Last week one of our vCenter went down because of the machine certificate got expired and it took some time to find out the issue so I thought it will be helpful to show the options to verify the certificate and make sure to enable the alarm.
Since the certificate was expired most of the services got to fail and it cannot function/use the certificate it is assigned to use.
In our case, we are unable to vMotion because the service to vMotion (vmware-sps) is unable to connect to vpxd due to “server certificate chain not verified.”
Below is the log path to verify .
/var/log/vmware/vmware-sps/sps.log
com.vmware.vim.vmomi.client.exception.SslException: com.vmware.vim.vmomi.core.exception.CertificateValidationException: Server certificate chain not verified
Below is the command to verify the Machine certificate.
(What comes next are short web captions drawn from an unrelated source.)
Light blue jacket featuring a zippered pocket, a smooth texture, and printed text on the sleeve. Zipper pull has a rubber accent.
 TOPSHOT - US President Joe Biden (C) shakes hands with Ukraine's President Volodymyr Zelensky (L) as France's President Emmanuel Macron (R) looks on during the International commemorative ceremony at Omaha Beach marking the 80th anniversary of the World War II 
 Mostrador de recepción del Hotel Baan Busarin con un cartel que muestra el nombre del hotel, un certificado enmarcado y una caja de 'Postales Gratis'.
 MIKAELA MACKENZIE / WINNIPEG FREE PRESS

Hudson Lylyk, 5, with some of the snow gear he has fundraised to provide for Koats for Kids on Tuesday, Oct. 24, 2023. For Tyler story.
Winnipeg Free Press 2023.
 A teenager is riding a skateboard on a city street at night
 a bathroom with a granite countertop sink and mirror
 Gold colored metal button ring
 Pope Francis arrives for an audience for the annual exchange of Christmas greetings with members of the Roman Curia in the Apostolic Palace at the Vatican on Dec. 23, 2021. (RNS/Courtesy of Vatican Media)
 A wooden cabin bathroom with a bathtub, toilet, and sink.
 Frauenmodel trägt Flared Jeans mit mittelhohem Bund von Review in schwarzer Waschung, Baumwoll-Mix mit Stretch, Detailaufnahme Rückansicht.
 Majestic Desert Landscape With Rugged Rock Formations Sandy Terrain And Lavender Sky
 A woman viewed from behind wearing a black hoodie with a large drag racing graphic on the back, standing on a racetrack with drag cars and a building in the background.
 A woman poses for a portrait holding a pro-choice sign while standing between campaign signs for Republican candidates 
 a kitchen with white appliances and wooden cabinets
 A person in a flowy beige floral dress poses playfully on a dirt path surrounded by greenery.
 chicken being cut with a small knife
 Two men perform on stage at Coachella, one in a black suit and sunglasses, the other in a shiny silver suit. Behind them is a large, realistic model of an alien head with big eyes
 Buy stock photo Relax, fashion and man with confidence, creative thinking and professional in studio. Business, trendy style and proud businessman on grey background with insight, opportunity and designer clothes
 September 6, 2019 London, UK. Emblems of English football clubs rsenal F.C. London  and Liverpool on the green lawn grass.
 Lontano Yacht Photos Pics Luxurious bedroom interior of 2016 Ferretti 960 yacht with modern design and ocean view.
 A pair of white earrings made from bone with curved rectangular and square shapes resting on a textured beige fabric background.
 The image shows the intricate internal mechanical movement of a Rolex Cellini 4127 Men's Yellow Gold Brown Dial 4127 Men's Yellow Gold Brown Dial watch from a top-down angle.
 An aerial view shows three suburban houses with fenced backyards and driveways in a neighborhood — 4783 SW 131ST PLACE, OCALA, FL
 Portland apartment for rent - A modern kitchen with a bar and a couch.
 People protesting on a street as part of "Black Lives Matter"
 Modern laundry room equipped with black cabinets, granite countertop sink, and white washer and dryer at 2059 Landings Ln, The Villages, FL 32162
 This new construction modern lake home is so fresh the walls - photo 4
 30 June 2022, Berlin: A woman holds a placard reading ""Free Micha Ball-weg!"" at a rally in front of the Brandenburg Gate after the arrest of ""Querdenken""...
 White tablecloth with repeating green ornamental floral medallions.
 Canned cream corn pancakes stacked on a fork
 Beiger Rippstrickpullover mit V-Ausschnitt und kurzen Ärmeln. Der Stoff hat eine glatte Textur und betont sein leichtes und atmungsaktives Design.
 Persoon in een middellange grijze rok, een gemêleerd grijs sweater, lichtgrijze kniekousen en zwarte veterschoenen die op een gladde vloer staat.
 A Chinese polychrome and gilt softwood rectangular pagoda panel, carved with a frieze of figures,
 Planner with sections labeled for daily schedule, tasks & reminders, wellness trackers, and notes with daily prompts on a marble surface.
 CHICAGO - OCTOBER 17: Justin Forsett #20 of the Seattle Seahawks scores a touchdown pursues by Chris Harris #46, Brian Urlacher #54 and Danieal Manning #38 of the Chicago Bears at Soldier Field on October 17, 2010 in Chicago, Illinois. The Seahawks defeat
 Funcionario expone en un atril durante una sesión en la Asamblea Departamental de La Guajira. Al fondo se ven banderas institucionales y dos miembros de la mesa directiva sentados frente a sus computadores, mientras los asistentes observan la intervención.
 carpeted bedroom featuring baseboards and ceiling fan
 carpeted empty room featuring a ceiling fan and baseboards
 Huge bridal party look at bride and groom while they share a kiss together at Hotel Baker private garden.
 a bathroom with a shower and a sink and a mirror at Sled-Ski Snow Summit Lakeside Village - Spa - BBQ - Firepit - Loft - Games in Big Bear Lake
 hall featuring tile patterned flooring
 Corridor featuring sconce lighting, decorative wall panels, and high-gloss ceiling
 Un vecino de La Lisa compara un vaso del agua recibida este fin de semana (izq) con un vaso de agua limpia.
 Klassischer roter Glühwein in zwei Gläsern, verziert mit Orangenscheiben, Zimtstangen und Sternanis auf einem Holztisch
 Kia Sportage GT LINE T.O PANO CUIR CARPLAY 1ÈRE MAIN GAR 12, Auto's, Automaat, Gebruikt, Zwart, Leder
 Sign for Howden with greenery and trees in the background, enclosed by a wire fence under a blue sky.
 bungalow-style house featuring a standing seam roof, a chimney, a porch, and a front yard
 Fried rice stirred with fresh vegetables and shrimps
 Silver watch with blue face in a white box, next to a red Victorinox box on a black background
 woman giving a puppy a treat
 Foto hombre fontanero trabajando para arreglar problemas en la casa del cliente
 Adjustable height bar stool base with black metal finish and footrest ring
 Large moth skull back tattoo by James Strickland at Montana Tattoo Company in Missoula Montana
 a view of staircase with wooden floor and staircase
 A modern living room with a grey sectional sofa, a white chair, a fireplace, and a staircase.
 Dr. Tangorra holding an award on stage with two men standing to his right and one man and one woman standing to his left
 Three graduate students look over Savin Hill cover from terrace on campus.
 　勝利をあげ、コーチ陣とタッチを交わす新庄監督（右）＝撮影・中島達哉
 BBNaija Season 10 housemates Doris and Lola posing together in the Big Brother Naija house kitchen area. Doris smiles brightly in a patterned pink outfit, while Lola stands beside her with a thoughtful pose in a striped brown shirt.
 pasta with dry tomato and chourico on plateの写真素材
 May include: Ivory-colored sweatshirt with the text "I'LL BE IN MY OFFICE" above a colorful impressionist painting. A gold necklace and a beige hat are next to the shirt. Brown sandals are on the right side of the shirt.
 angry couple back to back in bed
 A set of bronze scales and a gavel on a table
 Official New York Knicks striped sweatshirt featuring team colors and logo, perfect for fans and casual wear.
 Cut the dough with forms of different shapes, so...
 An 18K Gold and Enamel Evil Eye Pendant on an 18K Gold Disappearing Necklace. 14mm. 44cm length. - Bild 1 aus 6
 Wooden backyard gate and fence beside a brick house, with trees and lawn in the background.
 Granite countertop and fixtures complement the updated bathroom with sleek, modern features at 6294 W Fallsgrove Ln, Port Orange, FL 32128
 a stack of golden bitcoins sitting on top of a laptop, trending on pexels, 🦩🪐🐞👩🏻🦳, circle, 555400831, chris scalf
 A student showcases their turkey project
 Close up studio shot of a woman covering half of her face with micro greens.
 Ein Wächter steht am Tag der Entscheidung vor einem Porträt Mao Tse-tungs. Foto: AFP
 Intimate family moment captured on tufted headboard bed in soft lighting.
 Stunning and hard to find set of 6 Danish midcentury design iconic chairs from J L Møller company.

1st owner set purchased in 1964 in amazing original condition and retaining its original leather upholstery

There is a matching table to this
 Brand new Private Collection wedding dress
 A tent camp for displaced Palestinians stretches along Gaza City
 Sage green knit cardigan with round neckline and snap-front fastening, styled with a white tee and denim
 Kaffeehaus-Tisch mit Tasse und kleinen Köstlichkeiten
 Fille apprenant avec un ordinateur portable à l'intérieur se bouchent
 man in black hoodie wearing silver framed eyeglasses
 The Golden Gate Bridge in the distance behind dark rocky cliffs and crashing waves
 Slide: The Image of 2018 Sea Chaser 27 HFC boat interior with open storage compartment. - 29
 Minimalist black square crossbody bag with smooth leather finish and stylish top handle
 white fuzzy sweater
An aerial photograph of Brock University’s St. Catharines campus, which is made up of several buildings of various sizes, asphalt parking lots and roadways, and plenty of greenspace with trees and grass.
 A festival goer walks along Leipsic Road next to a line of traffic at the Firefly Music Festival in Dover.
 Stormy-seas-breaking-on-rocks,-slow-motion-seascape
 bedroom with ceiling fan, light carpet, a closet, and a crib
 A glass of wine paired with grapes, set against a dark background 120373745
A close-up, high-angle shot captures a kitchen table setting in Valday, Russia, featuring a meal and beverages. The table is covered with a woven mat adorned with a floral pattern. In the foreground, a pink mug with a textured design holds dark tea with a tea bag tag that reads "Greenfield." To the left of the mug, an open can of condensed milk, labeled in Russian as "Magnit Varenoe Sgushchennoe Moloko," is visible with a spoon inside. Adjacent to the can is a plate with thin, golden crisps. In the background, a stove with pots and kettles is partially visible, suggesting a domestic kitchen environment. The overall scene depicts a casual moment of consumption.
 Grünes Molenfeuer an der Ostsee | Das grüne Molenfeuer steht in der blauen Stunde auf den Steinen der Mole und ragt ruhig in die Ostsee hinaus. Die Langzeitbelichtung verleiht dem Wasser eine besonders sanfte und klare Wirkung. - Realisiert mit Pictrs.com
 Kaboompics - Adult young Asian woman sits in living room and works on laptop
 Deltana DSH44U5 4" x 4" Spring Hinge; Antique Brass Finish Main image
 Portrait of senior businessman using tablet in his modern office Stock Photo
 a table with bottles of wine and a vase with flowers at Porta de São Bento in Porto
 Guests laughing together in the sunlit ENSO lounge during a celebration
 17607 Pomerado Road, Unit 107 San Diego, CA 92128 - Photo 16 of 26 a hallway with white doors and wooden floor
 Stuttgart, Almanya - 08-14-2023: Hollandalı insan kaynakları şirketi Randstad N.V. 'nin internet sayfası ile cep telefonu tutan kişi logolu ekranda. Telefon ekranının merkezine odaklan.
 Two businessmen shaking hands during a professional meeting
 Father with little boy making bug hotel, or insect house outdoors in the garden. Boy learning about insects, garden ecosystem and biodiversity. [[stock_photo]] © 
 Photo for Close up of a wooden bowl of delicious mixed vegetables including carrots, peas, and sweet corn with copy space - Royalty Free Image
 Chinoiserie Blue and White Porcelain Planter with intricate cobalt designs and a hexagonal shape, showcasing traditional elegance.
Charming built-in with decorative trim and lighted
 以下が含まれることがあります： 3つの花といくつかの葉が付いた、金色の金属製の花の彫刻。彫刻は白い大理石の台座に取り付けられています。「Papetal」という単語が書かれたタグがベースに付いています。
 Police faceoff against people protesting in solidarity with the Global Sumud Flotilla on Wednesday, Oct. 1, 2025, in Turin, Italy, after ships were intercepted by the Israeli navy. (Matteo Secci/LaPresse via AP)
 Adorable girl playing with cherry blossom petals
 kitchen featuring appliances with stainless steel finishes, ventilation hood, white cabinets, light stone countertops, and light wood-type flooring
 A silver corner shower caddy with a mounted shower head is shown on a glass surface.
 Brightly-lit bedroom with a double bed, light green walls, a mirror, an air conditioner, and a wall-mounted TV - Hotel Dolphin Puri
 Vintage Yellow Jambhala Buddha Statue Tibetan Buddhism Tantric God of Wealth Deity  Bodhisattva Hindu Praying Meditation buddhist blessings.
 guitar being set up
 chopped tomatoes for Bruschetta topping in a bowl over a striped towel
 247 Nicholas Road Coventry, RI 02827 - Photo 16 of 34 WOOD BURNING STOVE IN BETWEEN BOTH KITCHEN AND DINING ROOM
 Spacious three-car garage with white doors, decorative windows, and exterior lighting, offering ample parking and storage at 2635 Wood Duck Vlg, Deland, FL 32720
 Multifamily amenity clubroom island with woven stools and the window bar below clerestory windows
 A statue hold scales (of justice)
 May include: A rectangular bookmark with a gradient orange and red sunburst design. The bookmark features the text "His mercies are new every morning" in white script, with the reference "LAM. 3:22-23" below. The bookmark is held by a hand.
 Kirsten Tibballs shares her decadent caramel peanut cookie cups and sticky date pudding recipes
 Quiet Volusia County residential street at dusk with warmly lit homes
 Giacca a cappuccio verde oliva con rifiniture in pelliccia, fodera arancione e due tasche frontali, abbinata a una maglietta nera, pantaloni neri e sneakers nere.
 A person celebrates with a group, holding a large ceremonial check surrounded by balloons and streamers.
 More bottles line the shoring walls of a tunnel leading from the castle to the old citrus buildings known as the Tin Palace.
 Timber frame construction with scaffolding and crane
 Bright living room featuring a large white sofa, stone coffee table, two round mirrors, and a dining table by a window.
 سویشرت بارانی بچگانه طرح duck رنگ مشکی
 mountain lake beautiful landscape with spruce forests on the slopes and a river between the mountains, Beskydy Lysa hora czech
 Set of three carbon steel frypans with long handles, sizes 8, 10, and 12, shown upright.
/usr/lib/vmware-vmafd/bin/vecs-cli entry list –store MACHINE_SSL_CERT –text |less
Solution certificate
/usr/lib/vmware-vmafd/bin/vecs-cli entry list –store machine –text |less
Also we can check the same using the web-browser .
Using the “ /usr/lib/vmware-vmca/bin/certificate-manager” Replace the certificates on the vCenter via option 3 (just the MACHINE_SSL) or if it is with internal CA then follow the steps here.
So to make the alarm configured for the certificate expiration, already by default 30 days threshold is configured in the vcenter and You can change how soon you are warned with the vpxd.cert.threshold advanced option.
- Log in to the vSphere Web Client.
- Select the vCenter Server object, the select the Manage tab and the Settings subtab.
- Click Advanced Settings, select Edit, and filter for threshold.
- Change the setting of vpxd.cert.threshold to the desired value and click OK.
Also make sure under Alarm settings – Certificate Status – Enable this alarm is active so that according to the threshold we will get the alarm notification when the issue occurred.